Sheepmeat production lower in 2016-17

Slaughter

Very dry seasonal conditions across many key supply regions saw Australian lamb slaughter in June 2017 reach almost 1.8 million head, up 3% year-on-year (ABS).

This brought the total for the financial year (July 2016 – June 2017) to just over 22.3 million head. While this was down 3% from the record highs of 2015-16, it remained 4% higher than the five-year average.

On a state-by-state basis for 2016-17, compared to 2016, lamb slaughter in:

  • Victoria was 10.4 million head, up 1%
  • NSW was 5.1 million head, down 2%
  • SA was 3.4 million head, down 11%
  • WA was 2.9 million head, up 4%
  • Tasmania was 501,000 head, down 31%
  • Queensland was 68,300 head, down 79%

Sheep slaughter for June 2017 totalled nearly 420,000 head, up 18% from the same time in 2016. While there has been strong producer intent to retain older ewes and wethers over the past 12 months, it is likely that these animals are starting to come back through the system. The number of sheep processed during 2016-17 was just over 6.5 million head, down 19% year-on-year.

Production

Lamb production for June 2017 totalled nearly 42,000 tonnes cwt, up 6% from the same time in 2016 – with much of the increase underpinned by heavier carcases. For 2016-17, lamb production reached just over 506,000 tonnes cwt, back 2% on the year prior. This was, however, up 7% on the five-year average.

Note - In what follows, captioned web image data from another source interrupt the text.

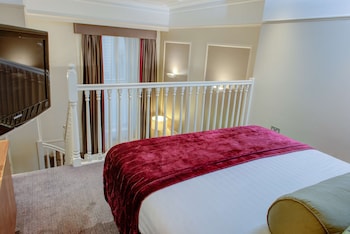 Suite, 1 Queen Bed, Non Smoking (with Sofabed)
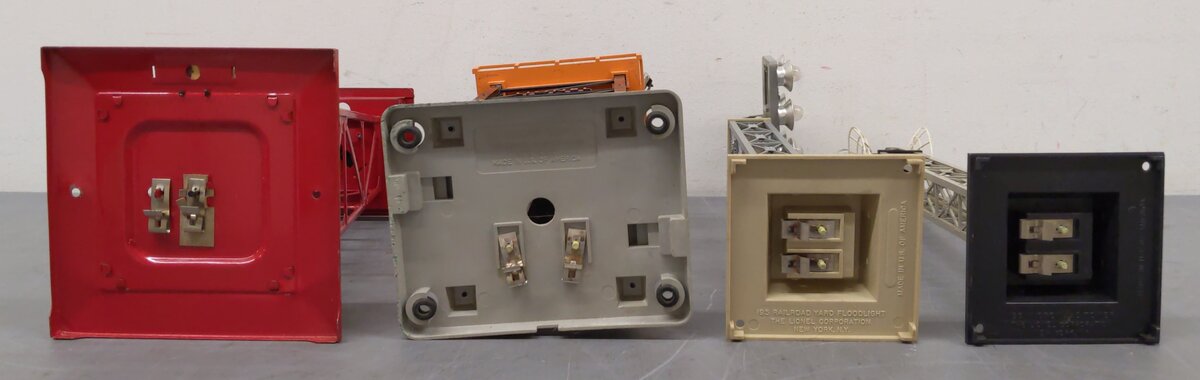 Lionel Vintage O Gauge Accessories: 394, 199, 197, 195 [4] EX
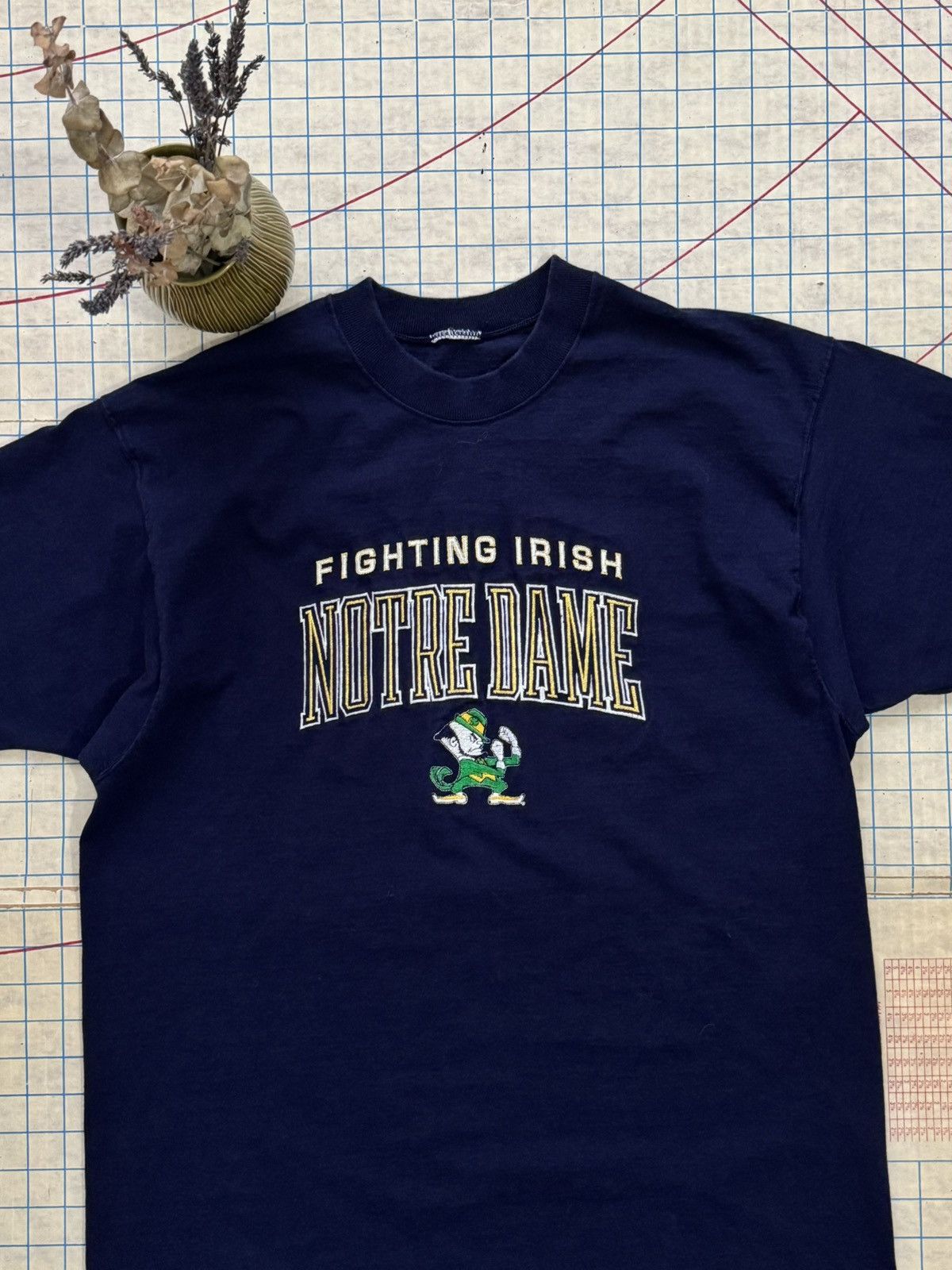 NCAA × Pro Player × Vintage Vintage Pro Player Notre Dame Fighting Irish Embroidered Tee Size US L / EU 52-54 / 3 - 4 Thumbnail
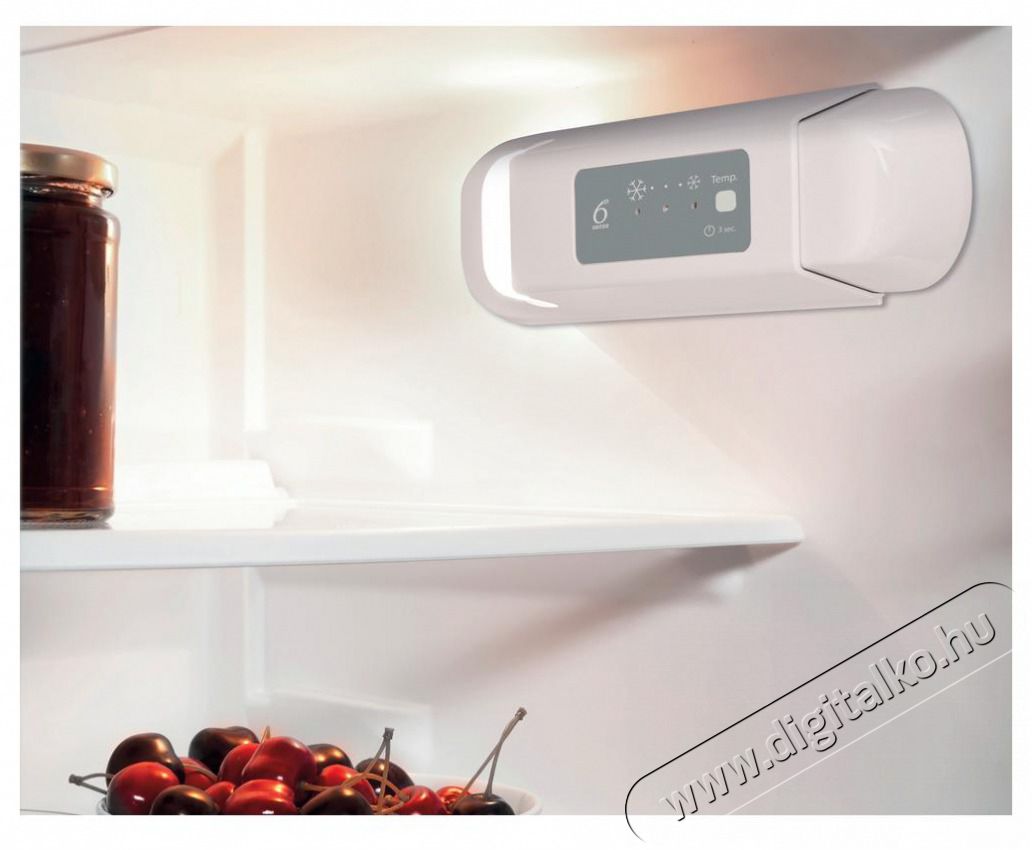 Whirlpool WBUF011 HŰTŐ BE&Eacute;P&Iacute;THETŐ EGYAJT&Oacute;S Konyhai term&eacute;kek - Hűtő, fagyaszt&oacute; (be&eacute;p&iacute;thető) - Egyajt&oacute;s hűtő - 502918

The national average lamb carcase weights increased to 22.64kg/head in 2016-17 – 1% higher than the year prior and up 3% from the five-year average. A drier autumn and winter in 2017 has seen many lambs being supplementary fed, which has continued to push carcase weights higher.

Mutton production for June 2017 increased 29% year-on-year, to just over 10,500 tonnes cwt. The total volume for the 2016-17 financial year, however, was down 17% from 2015-16 and 13% from the five-year average, to just over 163,000 tonnes cwt.

In 2016-17, the national average sheep carcase weight increased 4% from the previous year and 7% from the five-year average, to 24.89kg/head. Heavier mutton carcases, largely due to improved management and genetics, assisted to offset the decline in mutton production somewhat over the last 12 month

The increase in average lamb and sheep carcase weights has influenced the Sheep Industry Projections August update, which has flowed on to upwards revisions to production and exports volumes for the 2017 calendar year.